O mau: Miguel Iglesias
Convenhamos - a aprovação apressada da nova lei eleitoral madeirense, seguida da descoberta de que, graças a um lapso técnico, não se aplicará às próximas eleições, é uma trapalhada de contornos épicos. Dada a dimensão da tragicomédia legislativa, parecia impossível que alguém conseguisse fazer pior figura do que a feita por todos os intervenientes no fiasco pré-eleitoral. Eis que alguém se lembrou – talvez o próprio – de dar a palavra a Miguel Iglesias.

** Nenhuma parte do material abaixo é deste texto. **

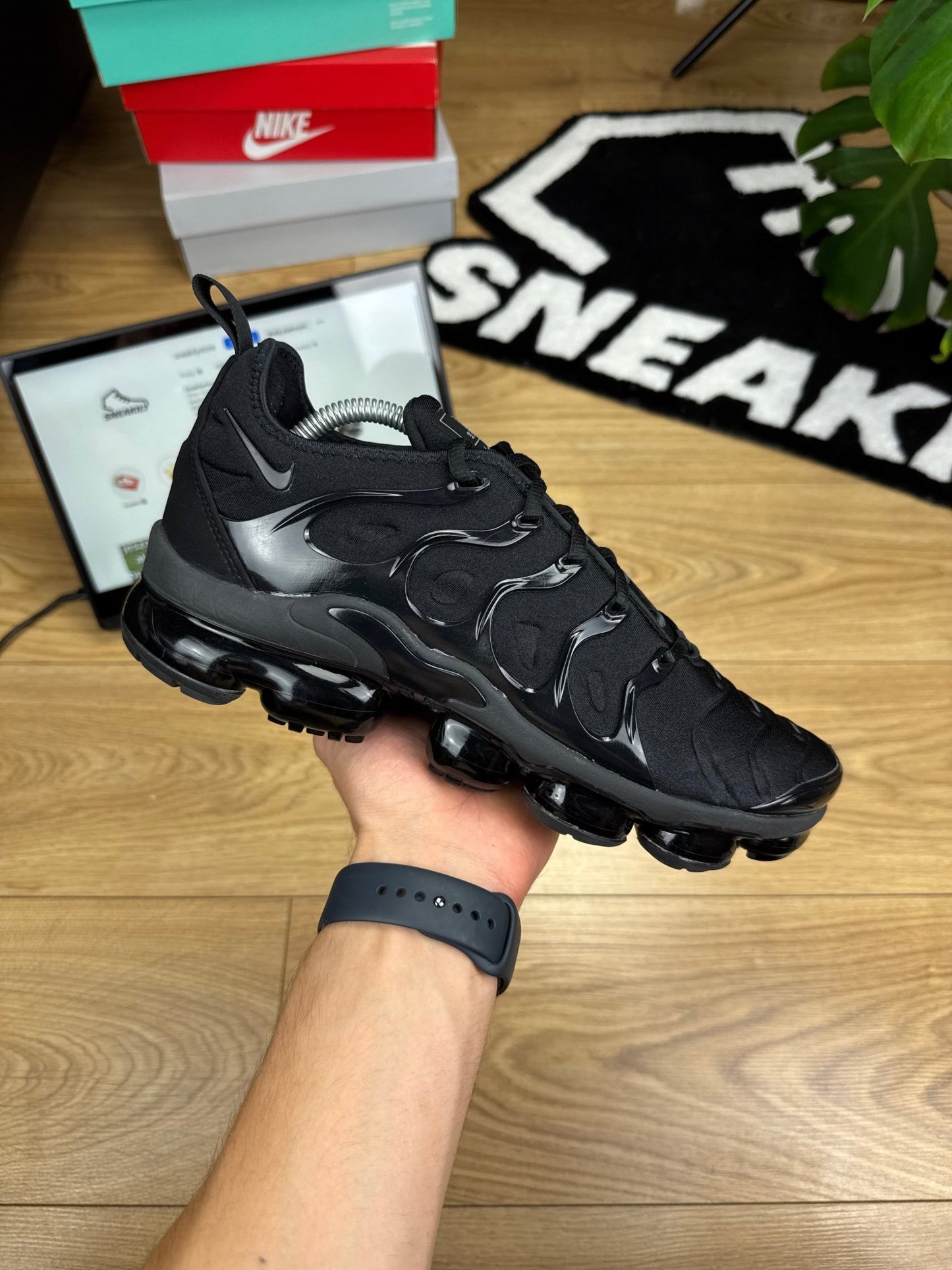 Nike Air Vapormax Plus (43)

Não para amenizar a aparente responsabilidade do PS no imbróglio, mas para assumir, com orgulho desconcertante, a paternidade do bloqueio que impedirá milhares de eleitores de votar nas próximas eleições regionais e que perpetua a Madeira como a última região do país onde a paridade eleitoral não se aplica. Lê-se a declaração de Iglesias e não se acredita. À conta de uma potencial inconstitucionalidade e de uma tentativa de impugnação das eleições, que parece saída de um livro de ficção científica, o PS e Miguel Iglesias dizimaram um legado histórico dos socialistas na defesa da participação das mulheres na vida política. Não satisfeitos com a traição histórica, juntaram-lhe a alienação de milhares de eleitores, muitos deles estudantes, que pela primeira vez teriam conseguido votar em mobilidade e, graças ao PS, continuarão a ser os únicos eleitores no País a quem esse direito é negado. Se houvesse eleições para o absurdo político, Miguel Iglesias seria eleito por maioria absoluta.
Os oleosos: Chega
Ungidos com óleos de moralidade imaculada e envolvidos num manto de justiça férrea, o partido dos portugueses de bem exala um aroma irresistível aos mais incautos e sugestivos. O problema é que, com frequência embaraçosa, o Chega escorrega nos óleos em que se unge, tropeça no manto em que se envolve e cai, com estrondo, no lamaçal político que jura desprezar. Foi assim no triste episódio das malas de Miguel Arruda ou na simples constatação de que 11 deputados do seu grupo parlamentar na República estão, ou já estiveram, a braços com a justiça. E é no momento em que o feitiço se vira com o feiticeiro, que o Chega revela a sua face mais cómica. Basta ver as queixas de André Ventura em relação ao ataque cerrado feito ao Chega ao longo das últimas semanas. Precisamente a mesma estratégia que Ventura e os seus afiliados se especializaram. No fim de contas, o Chega acaba sempre por provar do mesmo veneno que destila, num espetáculo de hipocrisia que faria qualquer um corar de vergonha. Mas vergonha é coisa rara por aqueles lados. Resta apenas a derradeira ironia do partido que prometia varrer a os maus hábitos da política, se ter transformado na mais caricata imitação daquilo que dizia combater.